◆ What the task asks ◆
Two lines below mark the span: the one containing "Thi công thảm cuộn cho văn phòng" and the one containing "Set imbus Force 3 4/5/6 mm negru - Img 4". Set down both, plus every line between, exactly as they stand, and nothing else.

Data for this exercise START

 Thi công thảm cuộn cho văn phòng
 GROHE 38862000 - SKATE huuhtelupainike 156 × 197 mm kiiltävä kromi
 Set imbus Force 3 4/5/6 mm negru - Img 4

Data for this exercise END
Data for this exercise START

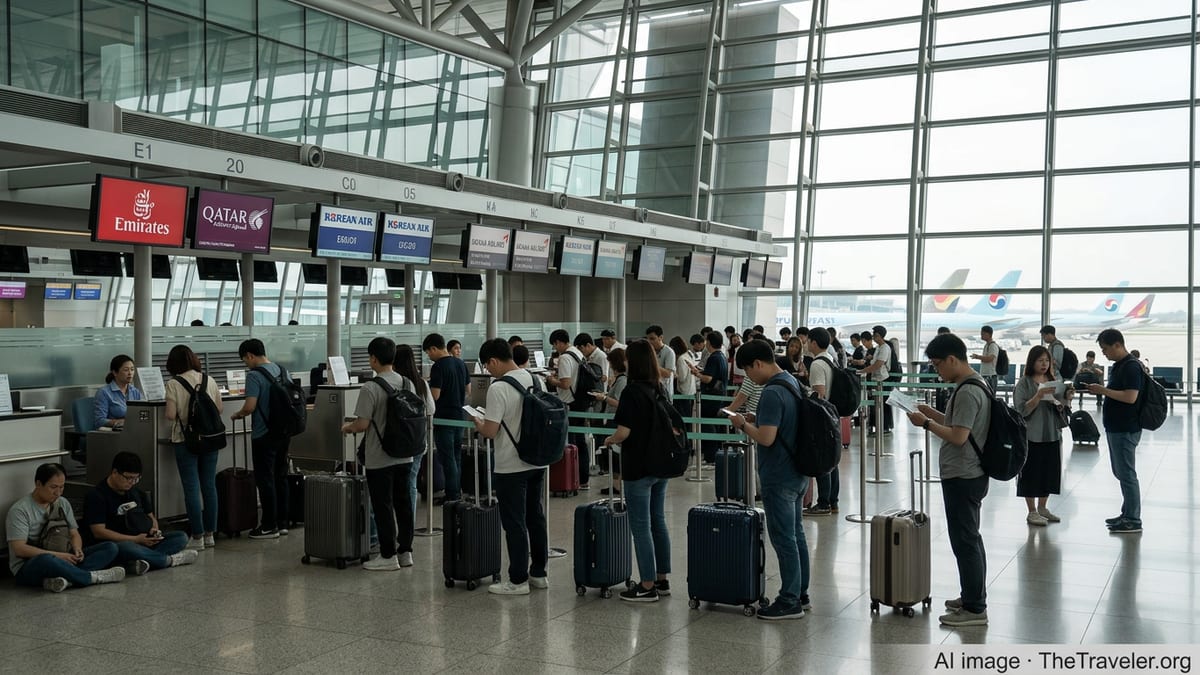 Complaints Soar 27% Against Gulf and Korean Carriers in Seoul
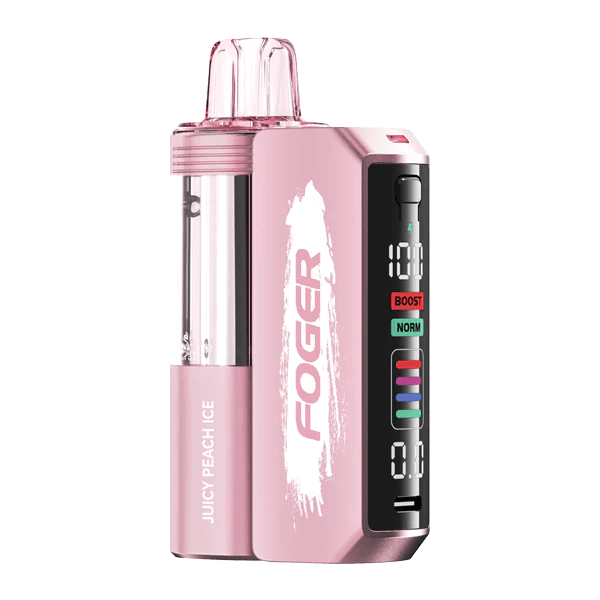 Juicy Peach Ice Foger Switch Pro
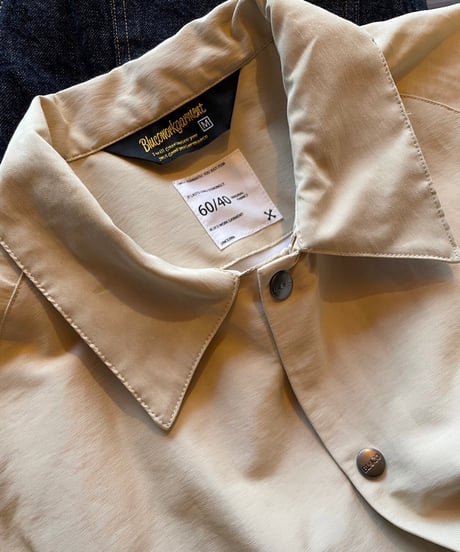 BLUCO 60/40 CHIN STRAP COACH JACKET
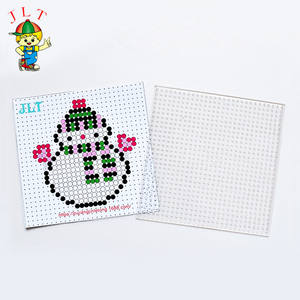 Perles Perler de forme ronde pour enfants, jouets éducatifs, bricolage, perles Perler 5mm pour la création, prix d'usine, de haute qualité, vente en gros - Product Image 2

Data for this exercise END
Data for this exercise START

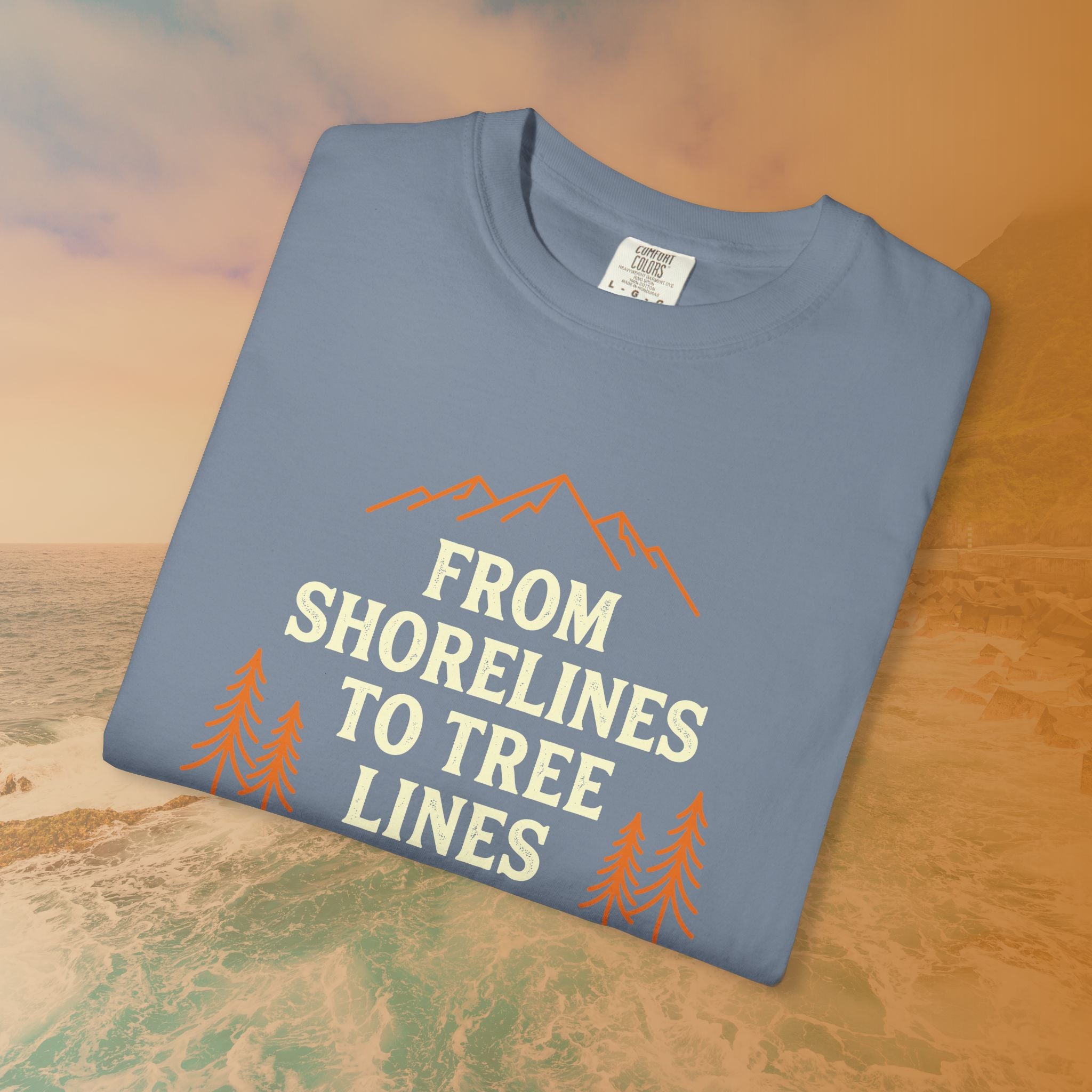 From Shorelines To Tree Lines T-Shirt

Data for this exercise END

◆ Written answer ◆
 Thi công thảm cuộn cho văn phòng
 GROHE 38862000 - SKATE huuhtelupainike 156 × 197 mm kiiltävä kromi
 Set imbus Force 3 4/5/6 mm negru - Img 4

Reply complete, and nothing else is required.